A glass of red wine with dinner every night has been found to improve the metabolic profiles of people with well-controlled type 2 diabetes.
A study of more than 200 diabetes patients saw them split into three equal groups, drinking either mineral water, white wine or red wine respectively with their evening meal every night for two years.
The results showed that red wine was found to be superior in improving metabolic profiles, by modestly increasing good (HDL) cholesterol and apolipoprotein A1 (one of the major constituents of HDL cholesterol), while decreasing the ratio between total cholesterol and HDL cholesterol.
Wine of either type did not affect medication usage, blood pressure, or liver function tests.
Although both wine groups modestly improved glucose metabolism, overall, improvements in the metabolic profiles were mainly attributed to red wine.
The prevalence of diabetes is described as becoming of epidemic proportions, and there are now more than three million adults in England who suffer from it, with the figure expected to rise to 4.6 million by 2030.

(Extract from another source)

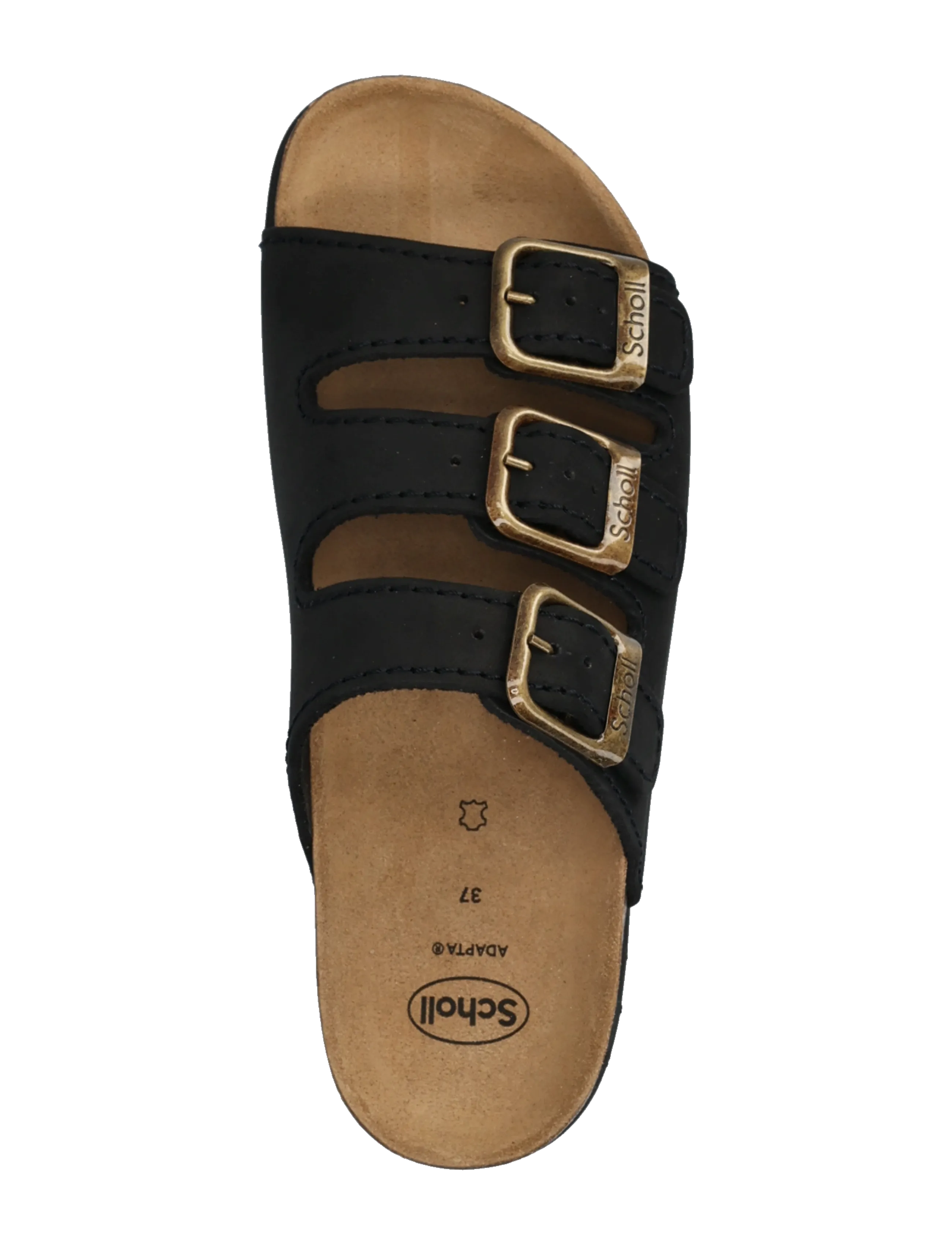 Scholl - RIO WEDGE AD - kontsata sandaalid - black - 3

But those who look after themselves by eating a healthy, balanced diet and taking regular exercise can make treating their diabetes easier.
The study was led by Professor Iris Shai of Ben-Gurion University of the Negev, Israel, and was being presented at the European Congress on Obesity in Prague, Czech Republic, this week.

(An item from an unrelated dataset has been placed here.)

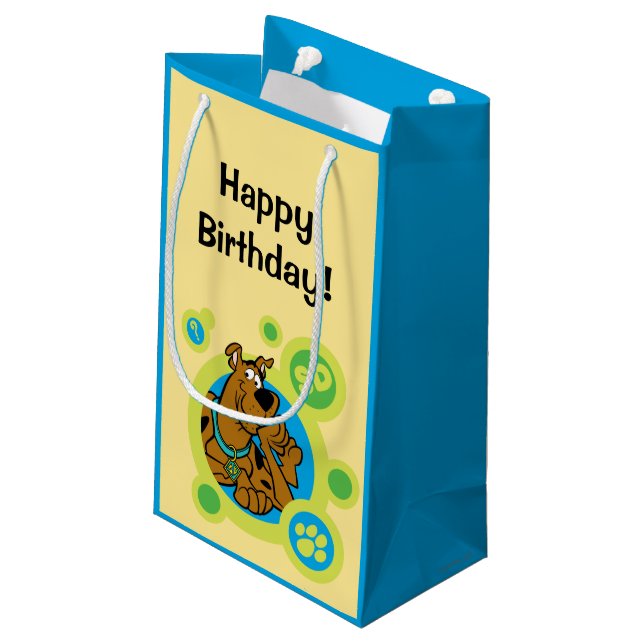 Petit Sac Cadeau Cercles Scooby-Doo SD Badge (Dos Angle)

The authors said: "This first long-term large-scale alcohol trial suggests that initiating moderate wine intake, especially red wine, among well-controlled T2D, and as part of a healthy diet, is apparently safe and decreases cardiometabolic risk.
"While the genetic interaction supports specific causal roles for ethanol, the red wine's superiority suggests that non-alcoholic constituents of red wine could be having a positive impact."